**EXERCISE BRIEF**. Once the line holding "lot 124 image: Cantex" is found in the listing below, write it out and each later line exactly, up to and including the one holding "Titan Karishma Analog".

**DATASET RECORDS**.

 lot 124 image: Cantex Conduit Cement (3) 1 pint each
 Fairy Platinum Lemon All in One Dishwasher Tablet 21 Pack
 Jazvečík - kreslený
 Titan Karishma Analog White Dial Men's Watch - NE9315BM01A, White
* * *
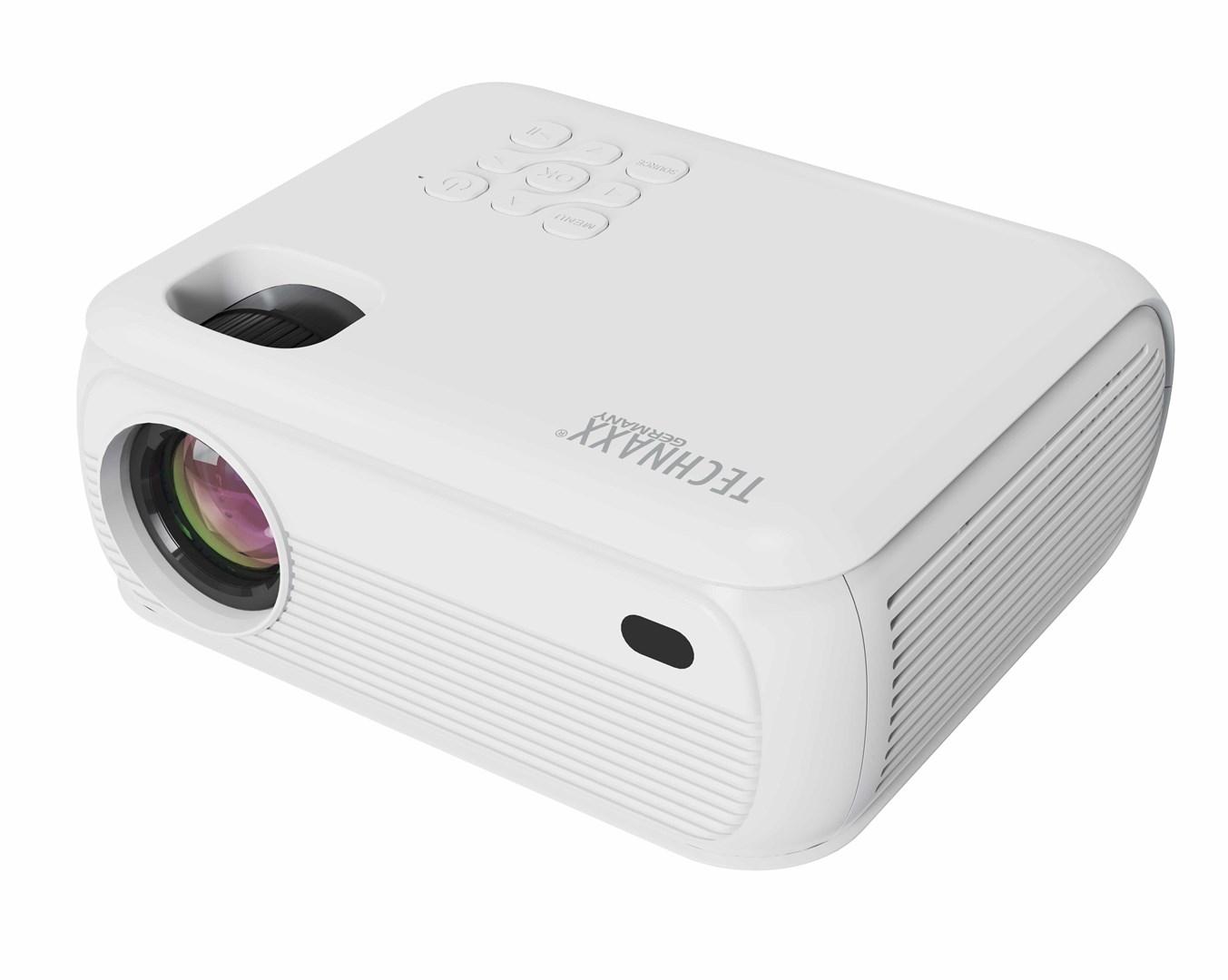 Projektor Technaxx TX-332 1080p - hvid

**EXERCISE OUTPUT**.
 lot 124 image: Cantex Conduit Cement (3) 1 pint each
 Fairy Platinum Lemon All in One Dishwasher Tablet 21 Pack
 Jazvečík - kreslený
 Titan Karishma Analog White Dial Men's Watch - NE9315BM01A, White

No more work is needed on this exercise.